Song by Fred Astaire

from the album Easter Parade
- Language: English
- Written: Irving Berlin

= Steppin' Out with My Baby =

Song written by Irving Berlin

"Steppin' Out with My Baby" is a popular song written by Irving Berlin and introduced in the 1948 musical film Easter Parade. In the film, it was sung by Fred Astaire as part of a dance number involving him on stairs and three different dance partners.

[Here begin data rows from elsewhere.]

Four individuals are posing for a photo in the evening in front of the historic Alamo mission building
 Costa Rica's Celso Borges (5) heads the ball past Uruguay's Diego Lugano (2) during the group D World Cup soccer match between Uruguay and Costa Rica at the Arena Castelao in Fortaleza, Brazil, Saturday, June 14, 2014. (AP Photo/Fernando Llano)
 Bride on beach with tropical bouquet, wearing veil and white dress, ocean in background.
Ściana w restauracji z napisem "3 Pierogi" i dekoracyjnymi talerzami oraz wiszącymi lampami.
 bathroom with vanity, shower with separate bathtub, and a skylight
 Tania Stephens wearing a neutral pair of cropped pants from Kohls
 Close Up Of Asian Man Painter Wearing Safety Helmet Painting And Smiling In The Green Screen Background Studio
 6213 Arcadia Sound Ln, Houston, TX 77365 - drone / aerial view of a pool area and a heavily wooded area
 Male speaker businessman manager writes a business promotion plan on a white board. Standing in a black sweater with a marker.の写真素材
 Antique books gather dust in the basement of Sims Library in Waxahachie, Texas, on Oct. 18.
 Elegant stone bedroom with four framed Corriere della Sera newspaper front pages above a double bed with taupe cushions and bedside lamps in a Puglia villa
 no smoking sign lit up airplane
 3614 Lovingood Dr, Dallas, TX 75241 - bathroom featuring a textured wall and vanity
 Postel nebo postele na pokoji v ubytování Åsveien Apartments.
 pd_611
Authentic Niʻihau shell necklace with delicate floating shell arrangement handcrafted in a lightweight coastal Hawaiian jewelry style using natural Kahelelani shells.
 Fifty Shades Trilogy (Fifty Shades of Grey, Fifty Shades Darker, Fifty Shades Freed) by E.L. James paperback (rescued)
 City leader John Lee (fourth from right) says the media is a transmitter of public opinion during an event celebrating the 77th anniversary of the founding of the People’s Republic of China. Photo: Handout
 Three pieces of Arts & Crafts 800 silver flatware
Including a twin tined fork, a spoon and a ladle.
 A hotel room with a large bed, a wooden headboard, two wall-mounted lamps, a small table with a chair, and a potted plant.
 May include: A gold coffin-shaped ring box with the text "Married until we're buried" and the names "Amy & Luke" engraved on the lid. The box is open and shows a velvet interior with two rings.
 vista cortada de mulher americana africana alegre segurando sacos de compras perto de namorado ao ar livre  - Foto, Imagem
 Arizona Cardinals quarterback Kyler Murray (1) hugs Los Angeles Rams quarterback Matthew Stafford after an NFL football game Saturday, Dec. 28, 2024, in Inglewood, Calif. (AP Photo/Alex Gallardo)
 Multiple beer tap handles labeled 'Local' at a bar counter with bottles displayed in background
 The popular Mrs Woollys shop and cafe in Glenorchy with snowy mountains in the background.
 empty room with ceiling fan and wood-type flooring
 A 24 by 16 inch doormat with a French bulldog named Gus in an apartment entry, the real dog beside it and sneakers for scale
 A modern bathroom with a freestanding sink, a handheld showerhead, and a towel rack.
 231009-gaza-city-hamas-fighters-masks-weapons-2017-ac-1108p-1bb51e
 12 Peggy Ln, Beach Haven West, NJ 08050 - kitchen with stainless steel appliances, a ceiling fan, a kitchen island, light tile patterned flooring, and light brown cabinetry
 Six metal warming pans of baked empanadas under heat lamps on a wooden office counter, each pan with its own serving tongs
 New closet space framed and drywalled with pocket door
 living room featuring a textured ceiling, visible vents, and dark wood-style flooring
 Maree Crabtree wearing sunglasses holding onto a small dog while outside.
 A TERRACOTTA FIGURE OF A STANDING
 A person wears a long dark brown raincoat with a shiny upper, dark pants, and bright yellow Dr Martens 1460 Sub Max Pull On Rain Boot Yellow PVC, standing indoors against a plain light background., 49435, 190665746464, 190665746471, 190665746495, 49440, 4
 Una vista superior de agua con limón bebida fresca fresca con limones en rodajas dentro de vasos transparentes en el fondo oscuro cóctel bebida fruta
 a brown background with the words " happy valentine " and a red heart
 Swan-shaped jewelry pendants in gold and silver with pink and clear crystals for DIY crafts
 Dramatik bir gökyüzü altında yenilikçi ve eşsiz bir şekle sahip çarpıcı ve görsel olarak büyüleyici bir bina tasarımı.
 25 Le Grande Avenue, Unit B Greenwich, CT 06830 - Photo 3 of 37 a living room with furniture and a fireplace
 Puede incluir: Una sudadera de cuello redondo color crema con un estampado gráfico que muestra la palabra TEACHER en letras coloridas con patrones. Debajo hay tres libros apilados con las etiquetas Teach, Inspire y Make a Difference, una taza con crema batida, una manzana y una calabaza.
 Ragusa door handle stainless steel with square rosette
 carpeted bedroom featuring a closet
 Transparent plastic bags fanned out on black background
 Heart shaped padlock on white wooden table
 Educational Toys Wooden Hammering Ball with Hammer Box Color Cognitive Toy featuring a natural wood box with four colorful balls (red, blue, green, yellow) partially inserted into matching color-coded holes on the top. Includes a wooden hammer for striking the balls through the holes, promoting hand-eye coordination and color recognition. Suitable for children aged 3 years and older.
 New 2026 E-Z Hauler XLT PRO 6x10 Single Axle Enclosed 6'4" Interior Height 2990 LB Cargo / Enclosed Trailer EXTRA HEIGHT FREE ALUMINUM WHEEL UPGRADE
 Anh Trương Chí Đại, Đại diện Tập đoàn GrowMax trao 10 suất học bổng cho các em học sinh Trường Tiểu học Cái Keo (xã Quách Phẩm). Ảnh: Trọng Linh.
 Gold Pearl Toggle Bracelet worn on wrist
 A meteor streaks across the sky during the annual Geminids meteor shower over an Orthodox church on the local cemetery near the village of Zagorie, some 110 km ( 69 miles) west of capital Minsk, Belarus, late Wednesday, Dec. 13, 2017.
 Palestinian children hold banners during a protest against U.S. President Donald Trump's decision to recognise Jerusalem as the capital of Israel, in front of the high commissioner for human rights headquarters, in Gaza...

==Tony Bennett recordings==
Since "Easter Parade", the song has been recorded and performed by several artists, most notably Tony Bennett, in whose treatment it has become a jazz standard. Introduced as the title song on his 1993 Astaire-themed album Steppin' Out, a stylish music video for it garnered some MTV airplay and was part of Bennett's commercial resurgence at the time. One such performance was included on Bennett's 1994 album MTV Unplugged. Bennett later recorded the song as bonus tracks duets with Michael Bublé and Delta Goodrem for his 2006 Duets: An American Classic album; performed it three times with Christina Aguilera on his NBC special An American Classic, Saturday Night Live, and the 59th Primetime Emmy Awards in 2007; and in 2011 with Haley Reinhart in the finale show of American Idol season 10. Aguilera and Bennett's version was nominated in 2008 50th Annual Grammy Awards in the category Best Pop Collaboration with Vocals. Bennett continued to perform the song until his retirement in 2021.

==Other recordings==
- Fred Astaire included the song on his album The Astaire Story (1952)
- Doris Day recorded the song for her album "Cuttin' Capers" (1959).
- Curtis Stigers, alongside the John Wilson Orchestra performed the song as the opening song for the film Ted 2 (2015).
- Banu Gibson and Bucky Pizzarelli recorded the song for their album "Steppin' Out" (2002).
- American swing revivalists the Cherry Poppin' Daddies recorded a version of the song on their 2016 cover album The Boop-A-Doo, alongside several other songs originally composed by Berlin.

==In popular culture==
- It was also used as the ending song for the film She's Funny That Way (with footage "Easter Parade").
- The song was performed by the cast of Are You Being Served? on the 1978 episode "Happy Returns".